Will Leinenkugel Support Line-Item Veto in Feingold's Hometown? (4/26/10)
Bipartisan “Janesville Line-Item Veto” introduced with
hometown Rep. Paul Ryan
MADISON —Today, Democratic Commerce Secretary Dick Leinenkugel makes his grand entrance into the Republican primary for U.S. Senate with a campaign stop in Janesville.
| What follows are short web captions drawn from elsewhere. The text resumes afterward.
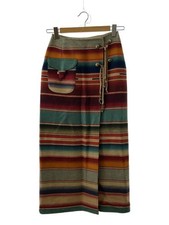 Vintage Polo Country RALPH LAUREN Aztek Southwest Wrap Skirt Long Size 4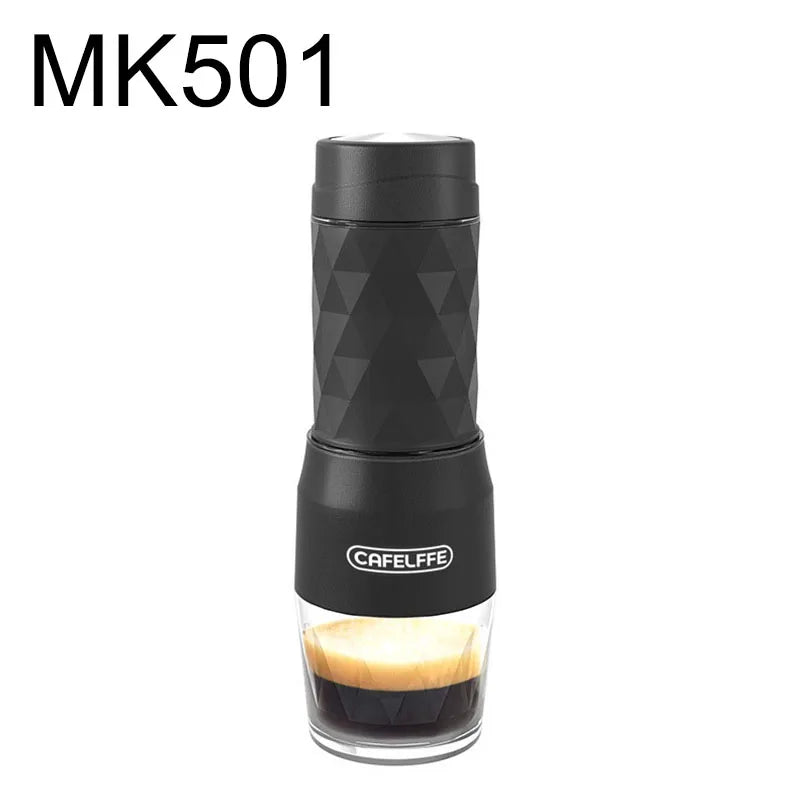 Portable fully automatic Italian espresso capsule coffee machine
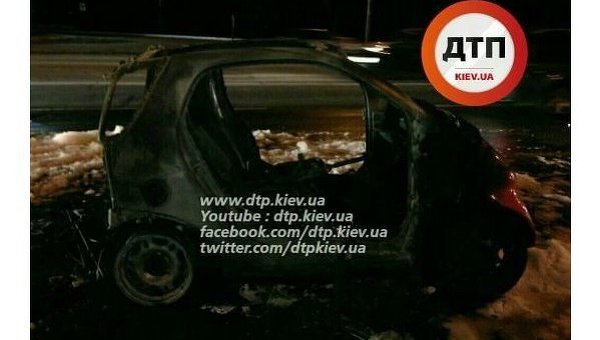 SMART сгорел в Киеве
As he speaks to media in Senator Feingold’s hometown, will he go on-record and support bipartisan deficit-reduction legislation introduced by two of Janesville’s sons?
"Will Secretary Leinenkugel spend his time in Janesville today discussing his plans and ideas or will he do what his primary opponents have done to date - offer only slogans and mudslinging, but no solutions?" asked Mike Tate, Chair of the Democratic Party of Wisconsin. “Secretary Leinenkugel should take this time to stand in support of the deficit-reduction measures of the senator from Janesville, Russ Feingold.”
Senator Russ Feingold and Congressman Paul Ryan, both originally from Janesville, have teamed up to introduce the “Janesville Line-Item Veto,” that gives any president the authority to strip earmarks and wasteful Washington spending from legislation. And experts agree that a line-item veto will benefit taxpayers.
In addition to the “Janesville Line-Item Veto,” Senator Feingold has introduced several other bills to reduce the deficit. Last week, he successfully pushed through legislation to prevent members of Congress from receiving an automatic pay raise next year – something Feingold has been working to permanently ban for years.
Feingold is also well-respected for keeping his 1992 pledge to never request an earmark and has also led the charge in the Senate to end this abusive practice. The “Janesville Line-Item Veto” would allow the president to pull out unnecessary earmarks without vetoing important bills.
Recently, Russ’s provision to rescind transportation earmarks that are more than 10 years old with 90 percent unspent funds passed through the Senate, as part of his Control Spending Now Act. The provisions in the bill are estimated to save one-half of a trillion dollars.